Impact of U.S. Missile Depletion on Taiwan Defense and Market Sentiment

By Patricia Miller

Apr 24, 2026

2 min read

U.S. missile stockpile depletion may leave Taiwan vulnerable, with a 2.6% chance of a Chinese invasion by June 30, 2026.

What are the implications of U.S. missile stockpile depletion on Taiwan's defense? The United States has faced significant depletion in its precision missile stockpiles, particularly due to ongoing conflicts in the Middle East, especially the situation with Iran. This reduction in military resources creates a potential vulnerability in defending Taiwan against a possible Chinese invasion. Current market estimates suggest a 2.6% likelihood of such an invasion occurring by June 30, 2026. Although this figure represents a modest rise in concerns, it is critical to recognize how strategic vulnerabilities can quickly alter market sentiment.

In light of these developments, traders have shown a heightened interest in how the U.S. defense posture will shift. The ongoing redeployment of military resources to address conflicts in the Middle East raises questions about the availability of support for Taiwan. With only 68 days remaining before the noted deadline, the anticipation of a potential conflict has markedly influenced trading patterns, now indicating a 2.6% YES sentiment regarding the likelihood of an invasion.

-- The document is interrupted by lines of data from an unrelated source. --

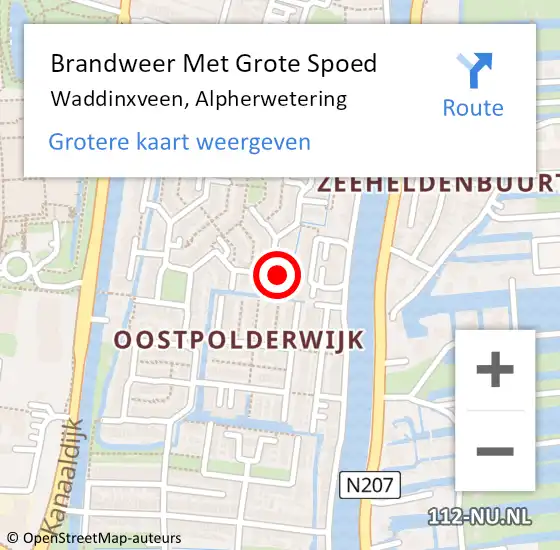 Locatie op kaart van de 112 melding: Brandweer Met Grote Spoed Naar Waddinxveen, Alpherwetering op 15 mei 2024 09:50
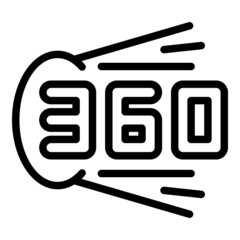 360 vr reality icon outline vector. Virtual tour. Camera angle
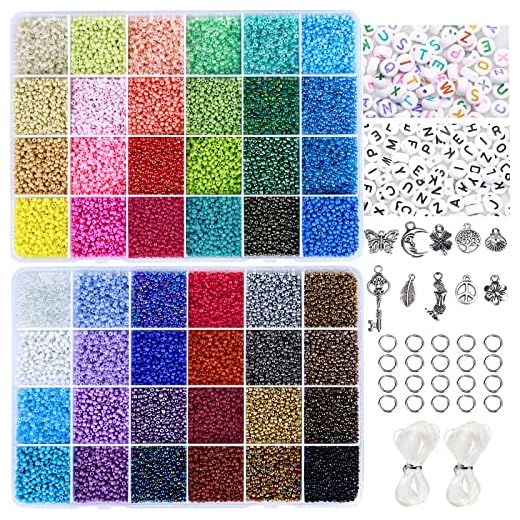 Beads Kit,Greentime 14400pcs 3mm Glass Seed Beads with 1200 Pcs Alphabet Letter Beads for Jewelry Bracelets Making and Crafts with Accessories DIY Material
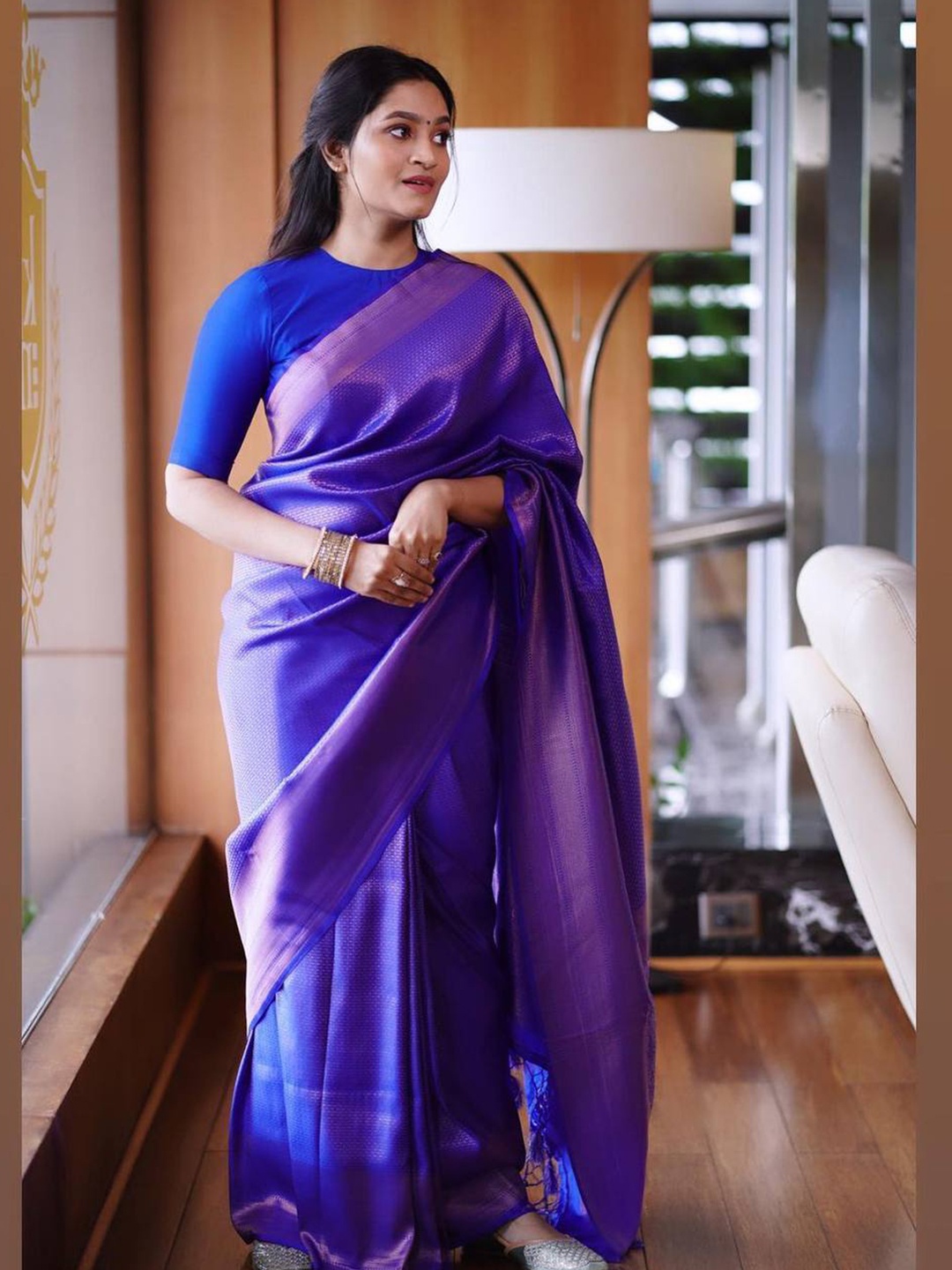 

Fab Viva Ethnic Motifs Woven Design Zari Silk Blend Banarasi Saree, Blue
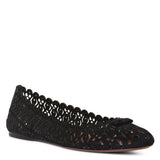 Black suede laser cut ballerinas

Conversely, markets concerning a U.S. declaration of war against Iran have shown a downturn, with the December 31, 2026, contract reflecting a 7% YES sentiment, dropping from 8% yesterday. This decline highlights how traders are integrating the notion that restocking missile supplies may take precedence over initiating new conflicts.

Why should investors care about this situation? While the risk surrounding Taiwan may seem speculative, it remains grounded in real possibilities. A shift in China's strategic calculus could drastically alter these odds overnight. Furthermore, the current reduced U.S. military presence in the Indo-Pacific region could provide an opening for Chinese maneuvers, although Beijing's intentions remain unclear.

For traders, the focus should be on signals from U.S. defense policies and any observable actions from the People's Liberation Army. Elements such as Pentagon briefings or satellite images that reveal military activities would serve as significant catalysts for market reactions. Should the U.S. redeploy military forces back to the Indo-Pacific region, it would likely prompt a re-evaluation of both the Taiwan invasion probabilities and U.S. engagements in the Middle East.

Important Notice And Disclaimer

This article does not provide any financial advice and is not a recommendation to deal in any securities or product. Investments may fall in value and an investor may lose some or all of their investment. Past performance is not an indicator of future performance.